TRY IT |
From the first entry to the last, repeat them all exactly.

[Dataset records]
____________________

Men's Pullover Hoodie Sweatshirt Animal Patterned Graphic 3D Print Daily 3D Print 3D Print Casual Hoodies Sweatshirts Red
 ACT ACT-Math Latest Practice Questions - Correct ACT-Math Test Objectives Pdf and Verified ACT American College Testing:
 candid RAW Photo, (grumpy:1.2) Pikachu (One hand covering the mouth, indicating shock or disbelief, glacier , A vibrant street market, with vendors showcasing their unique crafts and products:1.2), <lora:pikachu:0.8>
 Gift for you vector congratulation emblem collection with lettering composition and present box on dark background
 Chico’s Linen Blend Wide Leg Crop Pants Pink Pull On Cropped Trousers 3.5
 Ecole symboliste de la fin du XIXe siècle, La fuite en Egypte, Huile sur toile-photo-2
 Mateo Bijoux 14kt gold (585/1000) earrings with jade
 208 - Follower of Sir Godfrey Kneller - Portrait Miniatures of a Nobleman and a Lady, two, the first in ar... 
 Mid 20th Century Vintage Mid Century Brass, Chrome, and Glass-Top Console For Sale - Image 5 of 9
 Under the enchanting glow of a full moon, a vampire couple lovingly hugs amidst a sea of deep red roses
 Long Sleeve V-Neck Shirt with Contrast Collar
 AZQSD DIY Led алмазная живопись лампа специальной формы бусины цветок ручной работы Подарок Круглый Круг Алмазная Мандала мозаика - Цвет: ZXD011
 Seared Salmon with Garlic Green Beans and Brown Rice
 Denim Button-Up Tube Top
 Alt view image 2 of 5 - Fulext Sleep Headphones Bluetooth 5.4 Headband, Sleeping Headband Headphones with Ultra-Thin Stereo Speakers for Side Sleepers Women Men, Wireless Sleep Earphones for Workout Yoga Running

____________________

EXPECTED OUTPUT |
Men's Pullover Hoodie Sweatshirt Animal Patterned Graphic 3D Print Daily 3D Print 3D Print Casual Hoodies Sweatshirts Red
 ACT ACT-Math Latest Practice Questions - Correct ACT-Math Test Objectives Pdf and Verified ACT American College Testing:
 candid RAW Photo, (grumpy:1.2) Pikachu (One hand covering the mouth, indicating shock or disbelief, glacier , A vibrant street market, with vendors showcasing their unique crafts and products:1.2), <lora:pikachu:0.8>
 Gift for you vector congratulation emblem collection with lettering composition and present box on dark background
 Chico’s Linen Blend Wide Leg Crop Pants Pink Pull On Cropped Trousers 3.5
 Ecole symboliste de la fin du XIXe siècle, La fuite en Egypte, Huile sur toile-photo-2
 Mateo Bijoux 14kt gold (585/1000) earrings with jade
 208 - Follower of Sir Godfrey Kneller - Portrait Miniatures of a Nobleman and a Lady, two, the first in ar... 
 Mid 20th Century Vintage Mid Century Brass, Chrome, and Glass-Top Console For Sale - Image 5 of 9
 Under the enchanting glow of a full moon, a vampire couple lovingly hugs amidst a sea of deep red roses
 Long Sleeve V-Neck Shirt with Contrast Collar
 AZQSD DIY Led алмазная живопись лампа специальной формы бусины цветок ручной работы Подарок Круглый Круг Алмазная Мандала мозаика - Цвет: ZXD011
 Seared Salmon with Garlic Green Beans and Brown Rice
 Denim Button-Up Tube Top
 Alt view image 2 of 5 - Fulext Sleep Headphones Bluetooth 5.4 Headband, Sleeping Headband Headphones with Ultra-Thin Stereo Speakers for Side Sleepers Women Men, Wireless Sleep Earphones for Workout Yoga Running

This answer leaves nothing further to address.